Aktywizuje się inspirowany Powstaniem Styczniowy blog, którego autor czeka w areszcie na proces.
Na stronie 1863x.com zjawił dziś dziś tekst „Legion walecznych”, w którym osoba podpisana pseudonimem autora pisze, że nie zamierzała rezygnować ze swojej działalności.
„Nie szukajcie w mojej celi środków łączności i nie róbcie przeszukań u moich adwokatów. To pisze nie Eduard, ale Jhon Silver. I obiecuję: my, Silverowie należymy do tego gatunku, że w pewnych sytuacjach życiowych robi się nas coraz więcej. I nie radzimy płodzić nad w atmosferze strachu i więziennej zgnilizny. Jesteśmy wtedy źli, piszemy więcej i pracujemy usilniej” – zwraca się autor publikacji do władz.
Nowy Jhon Silver nie wie, co będą chciały z nim one zrobić:
„Z powodu liberalizmu, który u nas rozkwitł, prognozy mogą być pocieszające: w rodzaju tego, że ograniczą się tym, co już odsiedziałem. Ponieważ jednak nic nie poddaje się tu logice, mogą pokazać na mnie, że niedobrze jest matuszkę – Rosję ganić. Ona jest przecież stareńka, bardzo schorowana, może pieniążków nie dać. I wtedy żonę swoją obejmę nieprędko, a nie chciałbym tego, bo bardzo do niej tęsknię” – pisze autor.
I zapewnia:
„Nie myślcie, że Jhon Silver zamilknie.
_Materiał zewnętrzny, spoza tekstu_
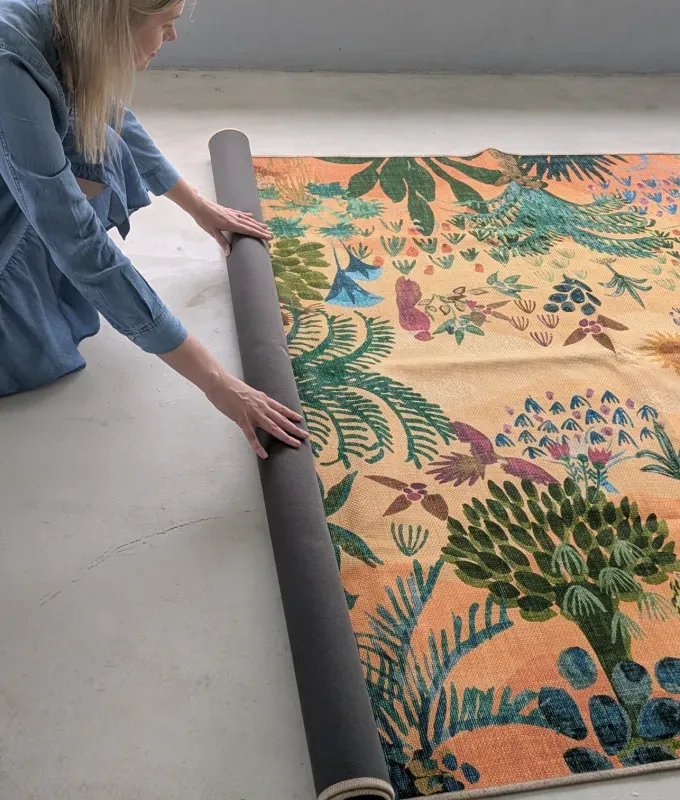 rolling out ruggable outdoor rug' title='Ruggable’s Outdoor Rugs Are Machine-Washable But That’s the Least Interesting Thing About Them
Wiadomo, że Eduard Palczys może trochę odpocząć od klawiatury, ale zakurzyć się jej nikt nie da.”
Pierwszą publikacją na stronie od czasu zatrzymania Palczysa w Rosji był tekst z zeszłego tygodnia pt. „Obrońcy Ojczyzny”, którego domniemaną autorką była żona blogera, Wiktoria.